§ YOUR TASK
Transcribe the entries below exactly, starting with the line that has "Now Selenium 100mcg 100 Tablets" and stopping after the line that has "Lemon this teacher"; no pictures belong in the copy.
#### SOURCE DATA
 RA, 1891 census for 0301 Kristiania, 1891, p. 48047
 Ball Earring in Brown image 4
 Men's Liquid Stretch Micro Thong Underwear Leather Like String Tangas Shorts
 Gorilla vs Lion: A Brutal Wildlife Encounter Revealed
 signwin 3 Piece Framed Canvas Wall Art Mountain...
########
#### SOURCE DATA
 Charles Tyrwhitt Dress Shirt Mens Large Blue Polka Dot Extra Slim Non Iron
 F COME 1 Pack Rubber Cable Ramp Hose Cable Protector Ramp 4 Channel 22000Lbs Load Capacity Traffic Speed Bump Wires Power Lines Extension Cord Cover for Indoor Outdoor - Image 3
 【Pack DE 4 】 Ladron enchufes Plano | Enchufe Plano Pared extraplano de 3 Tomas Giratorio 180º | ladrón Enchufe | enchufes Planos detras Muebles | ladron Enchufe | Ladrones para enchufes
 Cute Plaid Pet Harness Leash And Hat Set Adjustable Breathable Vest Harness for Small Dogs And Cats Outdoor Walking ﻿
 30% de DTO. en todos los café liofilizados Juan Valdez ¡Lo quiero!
########
#### SOURCE DATA
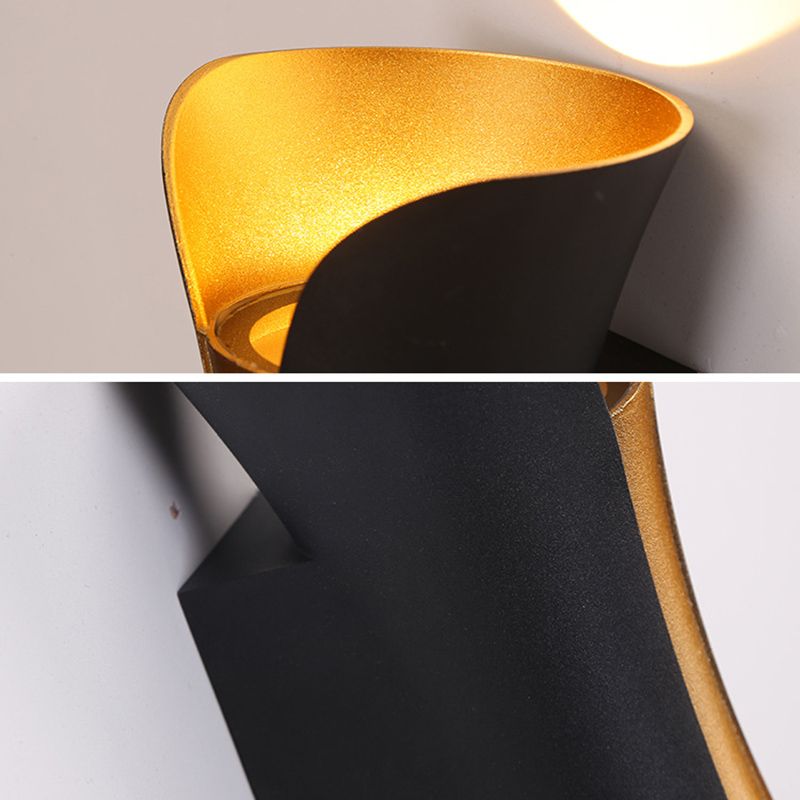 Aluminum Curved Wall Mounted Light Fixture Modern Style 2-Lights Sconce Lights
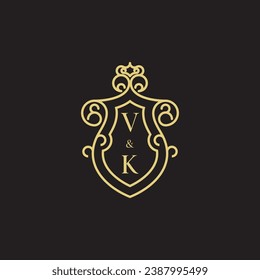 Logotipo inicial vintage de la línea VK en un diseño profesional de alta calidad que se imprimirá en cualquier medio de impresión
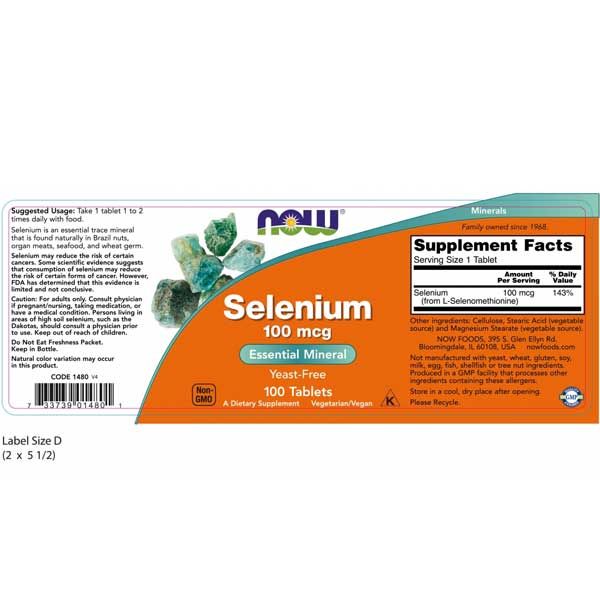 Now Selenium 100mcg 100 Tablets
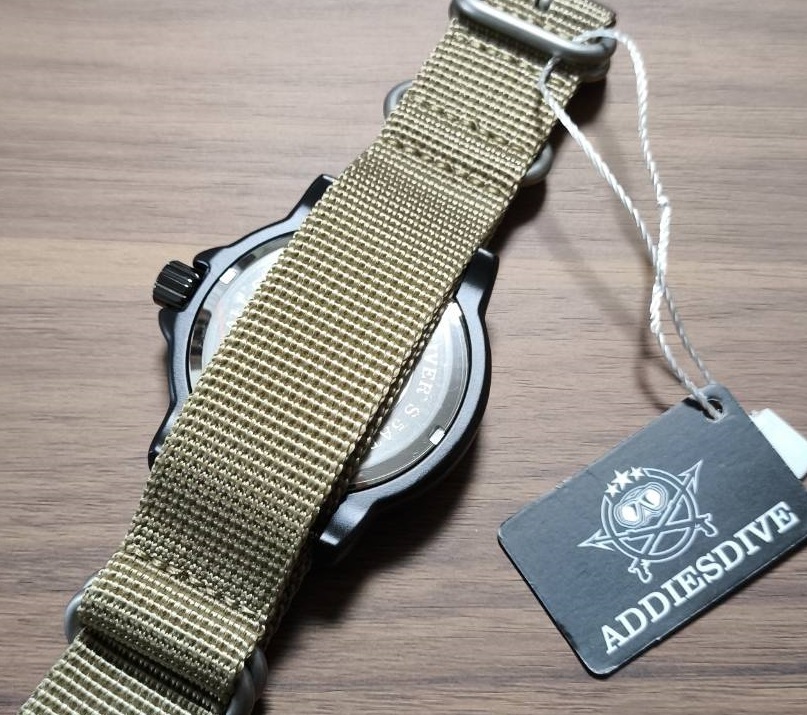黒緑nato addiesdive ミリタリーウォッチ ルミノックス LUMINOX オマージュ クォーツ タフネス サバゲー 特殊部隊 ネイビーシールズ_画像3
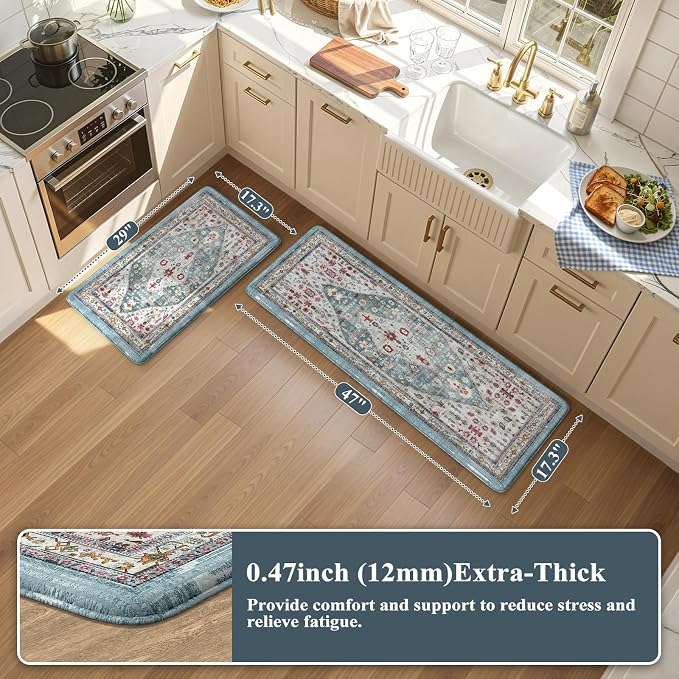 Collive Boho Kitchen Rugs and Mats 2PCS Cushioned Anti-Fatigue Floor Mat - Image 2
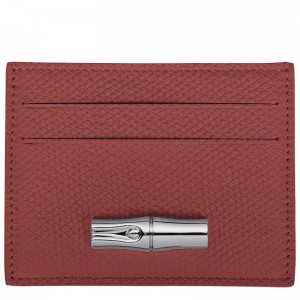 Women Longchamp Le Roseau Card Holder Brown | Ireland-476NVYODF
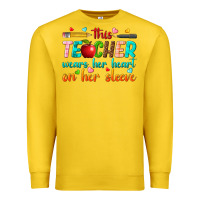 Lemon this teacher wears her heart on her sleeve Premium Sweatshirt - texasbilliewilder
########
§ YOUR SOLUTION
 Now Selenium 100mcg 100 Tablets
黒緑nato addiesdive ミリタリーウォッチ ルミノックス LUMINOX オマージュ クォーツ タフネス サバゲー 特殊部隊 ネイビーシールズ_画像3
 Collive Boho Kitchen Rugs and Mats 2PCS Cushioned Anti-Fatigue Floor Mat - Image 2
 Women Longchamp Le Roseau Card Holder Brown | Ireland-476NVYODF
 Lemon this teacher wears her heart on her sleeve Premium Sweatshirt - texasbilliewilder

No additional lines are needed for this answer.